First of all: I think you did a typo:

where $E(f) \leq \dfrac{(b-a)^3}{2}\text{max}|f''|$

The correct, given the statement of Trapezoidal Rule and the context, is

$$E(f) \leq \dfrac{(b-a)^3}{12}||f''||_{\infty}$$

Where $||f||_{\infty}$ is the uniform norm of $f$ and denotes the supremum of $|f|$ for $ x \in [a,b]$.

How do you go from the first inequality to the second inequality?

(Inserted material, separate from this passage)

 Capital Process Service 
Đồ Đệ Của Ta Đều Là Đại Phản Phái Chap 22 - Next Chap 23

Supposing you already read the proof you should know that:

$$E(f)= \dfrac{1}{2} \int_{a}^{b} f''(x)p(x) dx $$

So it is very natural that

$$E(f) \leq |E(f)| \leq \dfrac{1}{2} \int_{a}^{b} |f''(x)p(x)| dx$$

Why is it allowed to just take $f′′$ out of the integral if you choose x such that $f′′$ is maximal?

I will try to explain it in a very informal way and as a consequence of the definition of $||f''||_\infty$:

$$| \,||f''||_{\infty}p(x) \,| \geq |f''(x)p(x)| $$ where $||f''||_{\infty}$ is a real constant and $f''(x) \in \mathbb{R} $ - notice that the statement is valid for any $x \in \mathbb{R}$. Then, you can take out the constant of the integral and get the result which you see in the proof. That is:

$$\int_{a}^{b} | \, ||f''||_{\infty}p(x) \, | dx\,\geq \int_{a}^{b} |f''(x)p(x)| dx \,\rightarrow ||f''||_{\infty} \int_{a}^{b} |p(x)|\,dx \geq \int_{a}^{b} |f''(x)p(x)|\,dx$$

The rest follows from the determination of $p(x)$.

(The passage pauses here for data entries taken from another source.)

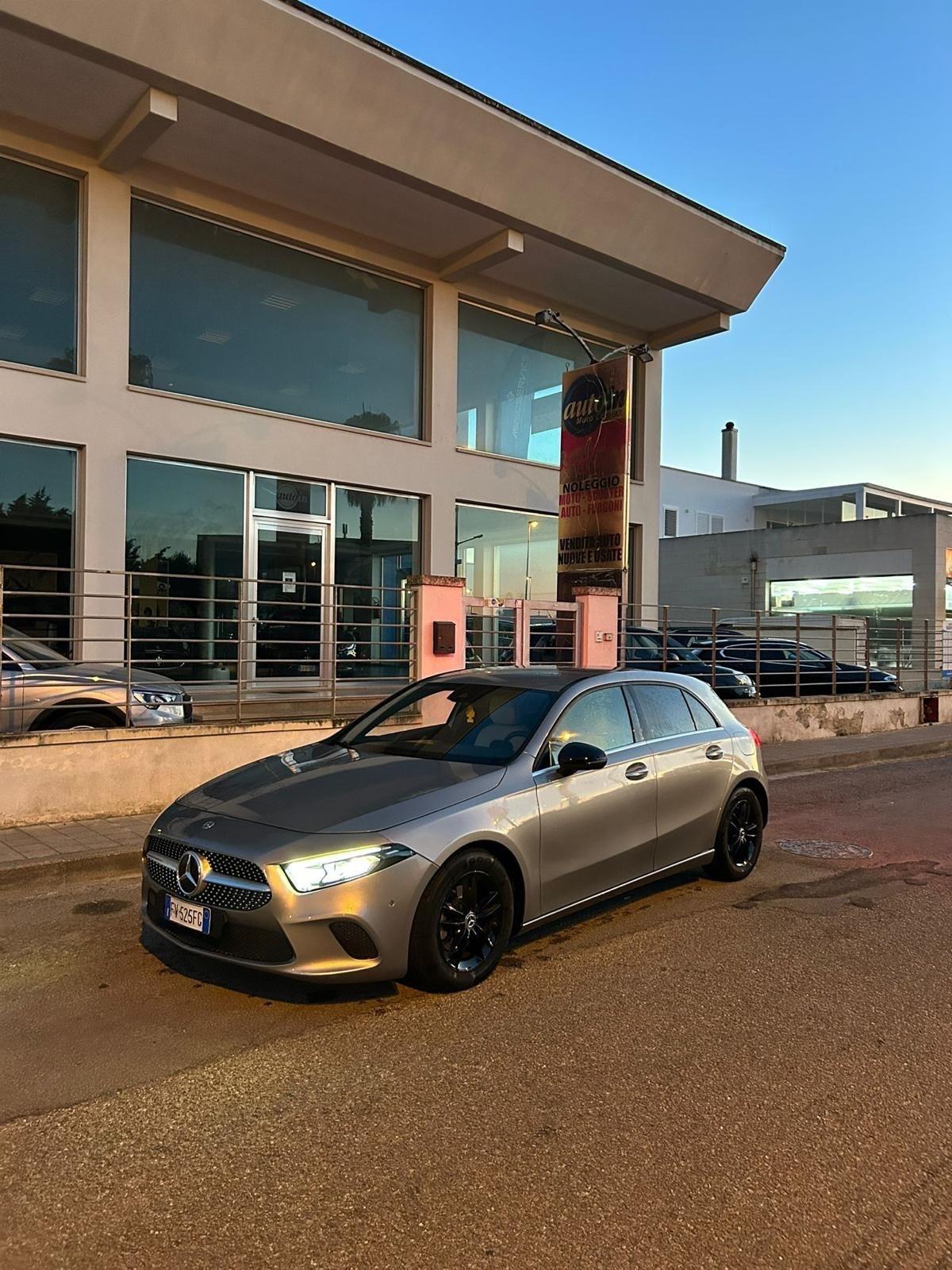 Mercedes-benz A 180 d Automatic Sport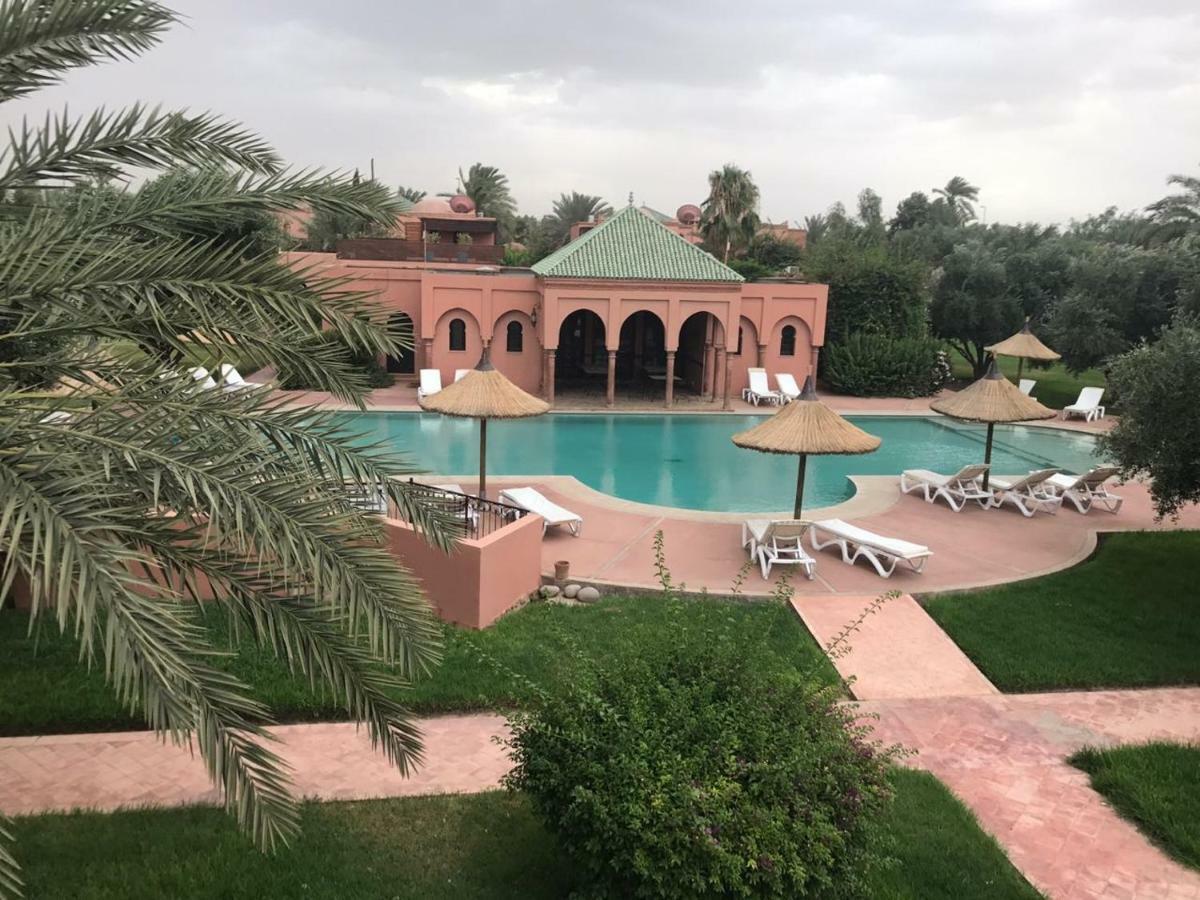 Villa Avec Piscine A Marrakech Marrakesch Exterior foto
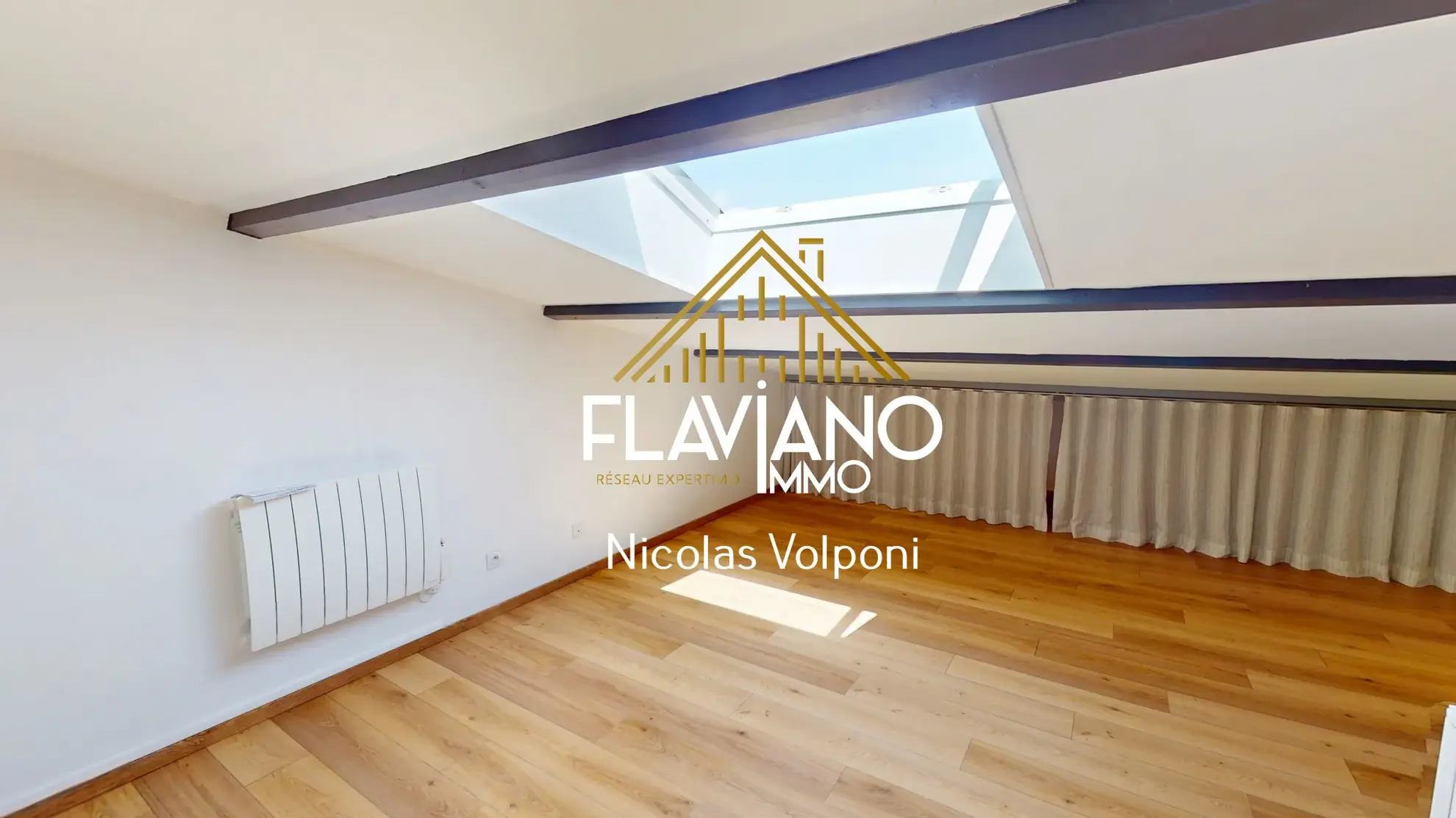 Appartement T3 lumineux de 88 m² avec vue montagne à Barcelonnette 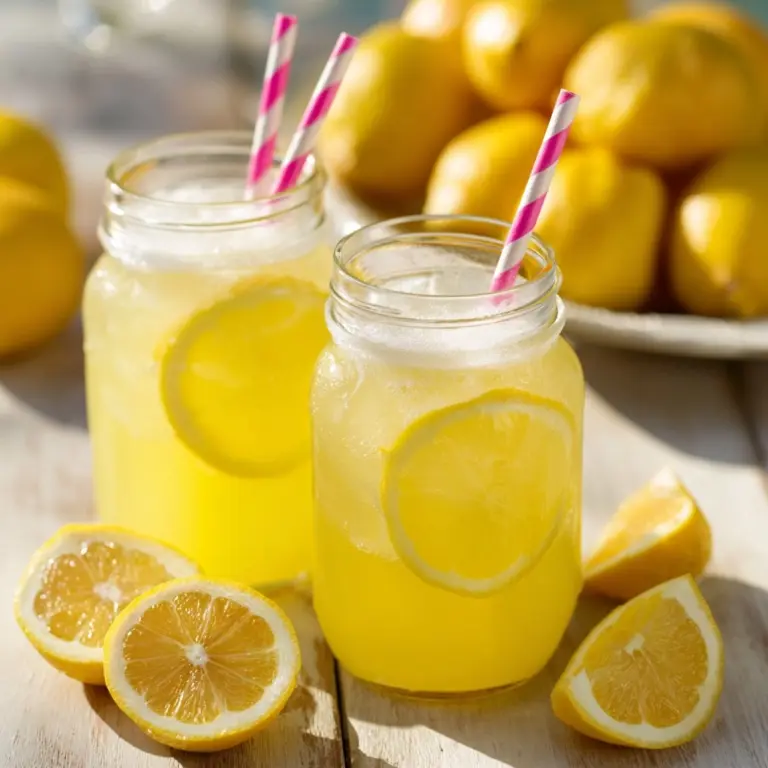 Lemonade Punch Recipe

Furthermore, what is happening with the substitution from the second inequality to the third? If I replace $−h^2$ and $h^2$ in the integral I get an integral from $−b/2+a/2$ to $b/2−a/2$.

Likewise, I don't understand how interchanging $x^2$ and $h^2$ and removing the absolute value signs allows us to take the integral from 0 to $h^2$ instead from $−h^2$ to $h^2$.

As the user New phone who this had noted that is relate to the property of even functions. And you need to notice that in the interval of integration $\dfrac{b-a}{2} \geq x$ then:

$$ \dfrac{||f''||_{\infty}}{2}\int_{-h}^{h}\left|x^2-h^2\right|dx = ||f''||_{\infty}\int_{0}^{h}\left|x^2-h^2\right|dx = ||f''||_{\infty}\int_{0}^{h} {h^2 - x^2 \, dx}$$

What's more, if you change $h ^ 2$ to $-h ^ 2$ you will have implications inside the module that should be observed.

Lastly, if I calculate the integral from the fourth to fifth equality, I get a minus sign. Is this my fault or is this an error in the proof?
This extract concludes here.